[Data shown Boundary: Start]

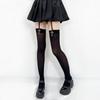 1/2 пары Готический Крест Украшение Плотные для Женщин Чулки Однотонные Тонкие До Бедра Лолита Выше Колена Чулки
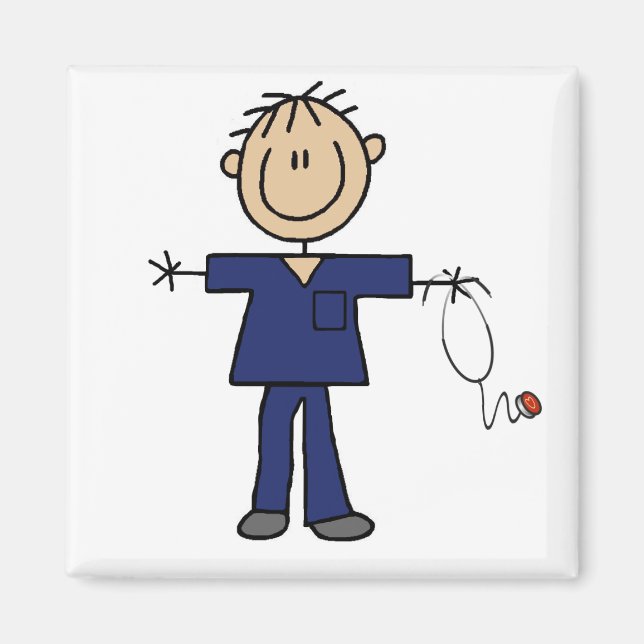 Aimant Stick mâle Figure Infirmière Peau moyenne (Devant)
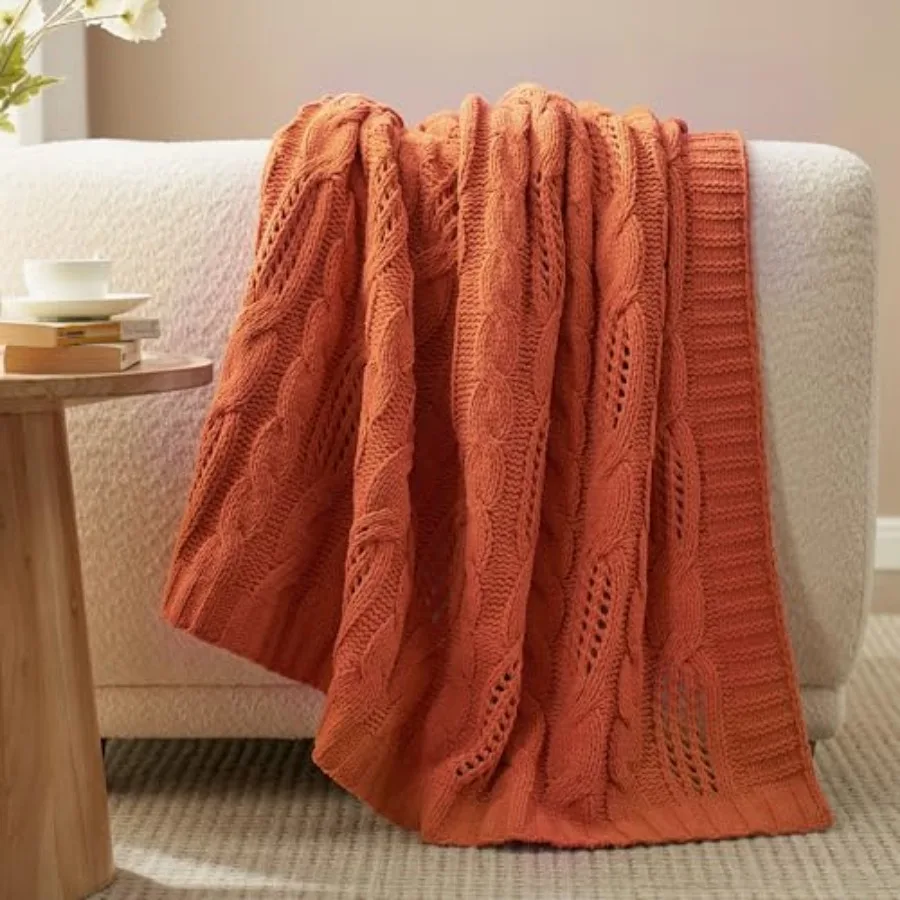 

Chunky Knit Throw Blanket, Dual-Sided Soft Chenille Breathable Cable Knitted Blanket for Couch, Farmhouse Decorative Throw for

[Data shown Boundary: End]

:: What this task involves ::
What you produce should repeat the data word for word while omitting all images.

:: Answer below ::
 1/2 пары Готический Крест Украшение Плотные для Женщин Чулки Однотонные Тонкие До Бедра Лолита Выше Колена Чулки
 Aimant Stick mâle Figure Infirmière Peau moyenne (Devant)

Chunky Knit Throw Blanket, Dual-Sided Soft Chenille Breathable Cable Knitted Blanket for Couch, Farmhouse Decorative Throw for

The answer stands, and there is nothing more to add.